Problem to work on: Omit every picture, then return each line of the data below exactly.

Raw data:
•••
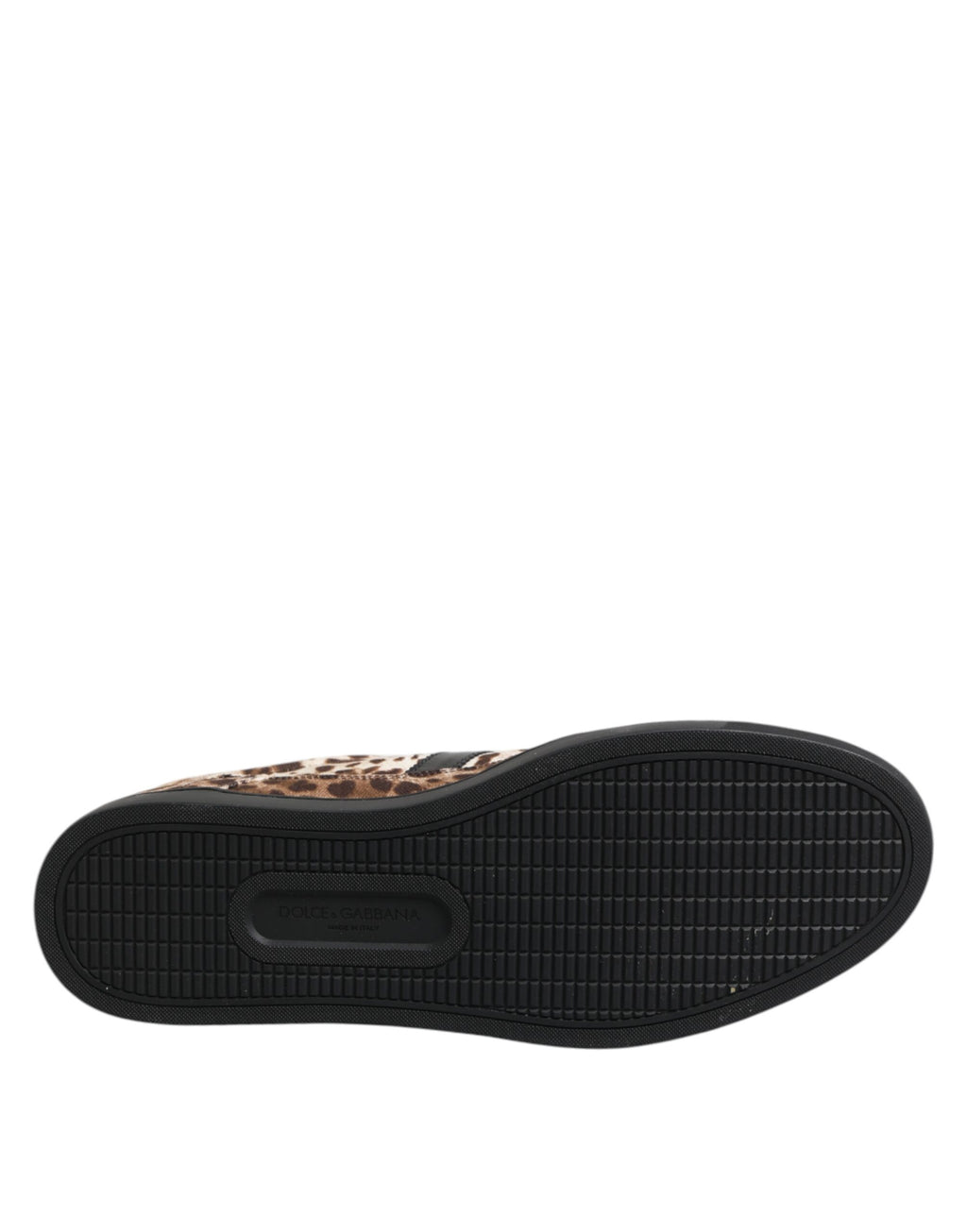 Dolce & Gabbana Brown Leopard Logo Print Cotton Sneakers Shoes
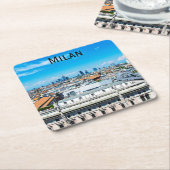 イタリアのミラノのスカイライン スクエアペーパーコースター (アングル)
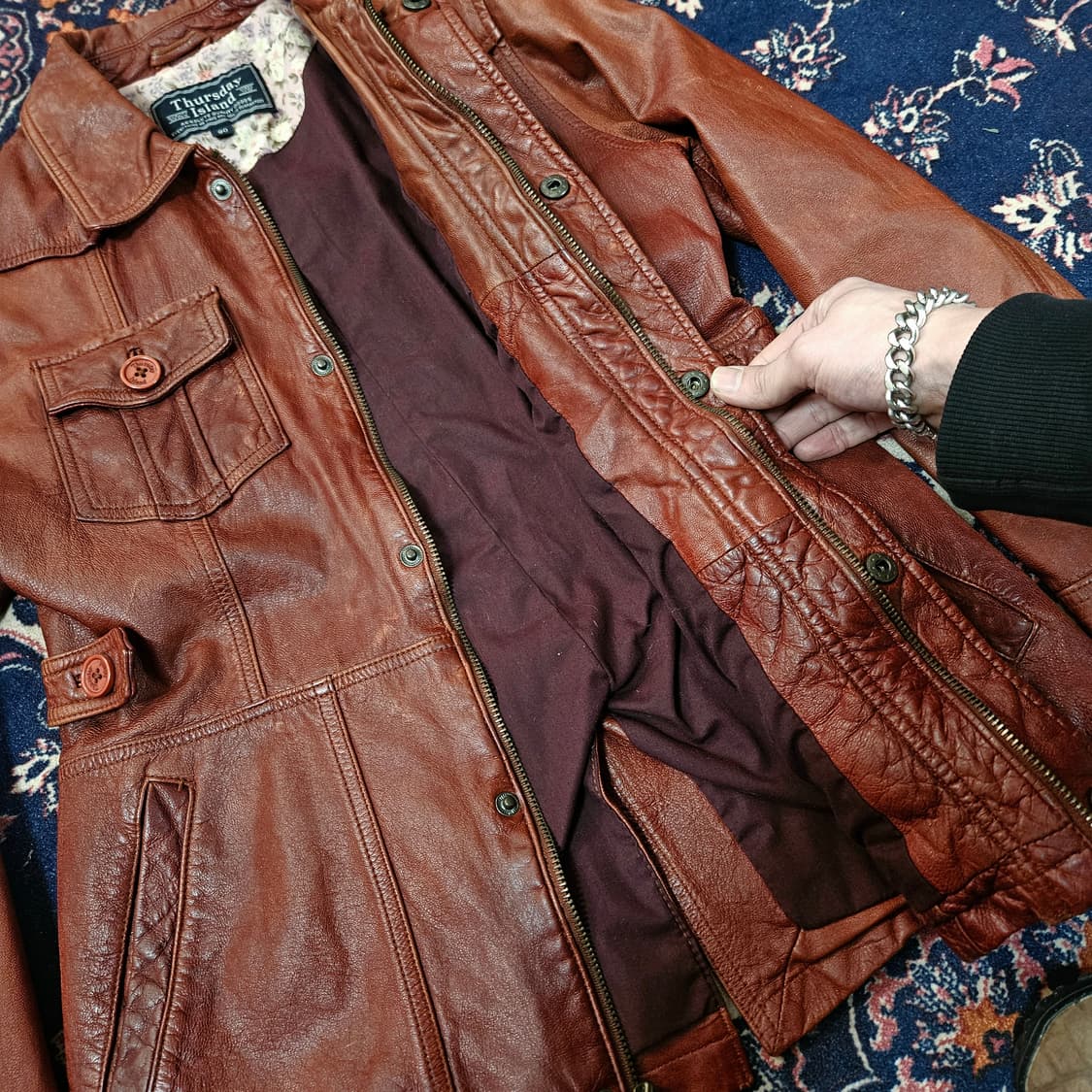 써스데이아일랜드 빈티지 y2k 가죽 자켓 90size 상품이미지8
•••
Task response:
 Dolce & Gabbana Brown Leopard Logo Print Cotton Sneakers Shoes
 イタリアのミラノのスカイライン スクエアペーパーコースター (アングル)
 써스데이아일랜드 빈티지 y2k 가죽 자켓 90size 상품이미지8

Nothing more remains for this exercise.